As an exercise in exact copying, transcribe the lines below from the one holding "Mercy - ADOPTED 02.16.16" through the last, with both ends included and pictures left out.

=== INFORMATION SUPPLIED ===
• • • • • • •

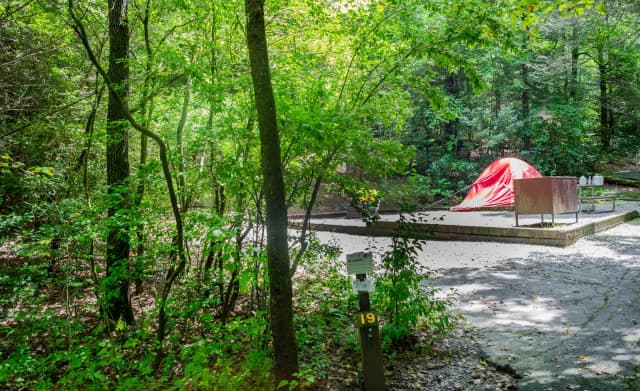 Loop NORT · Site 019 at North Mills River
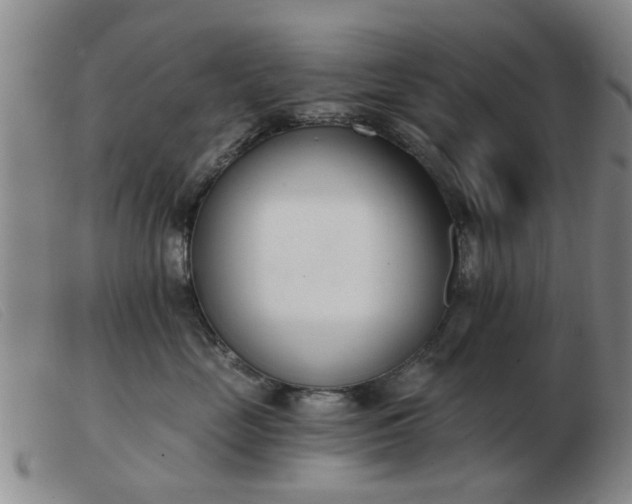 X0000103420669200809191639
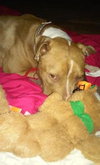 Mercy - ADOPTED 02.16.16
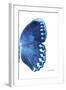 Miss Butterfly Formosana - X-Ray Right White Edition-Philippe Hugonnard-Framed Photographic Print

• • • • • • •

=== RESULT OF THIS TASK ===
 Mercy - ADOPTED 02.16.16
 Miss Butterfly Formosana - X-Ray Right White Edition-Philippe Hugonnard-Framed Photographic Print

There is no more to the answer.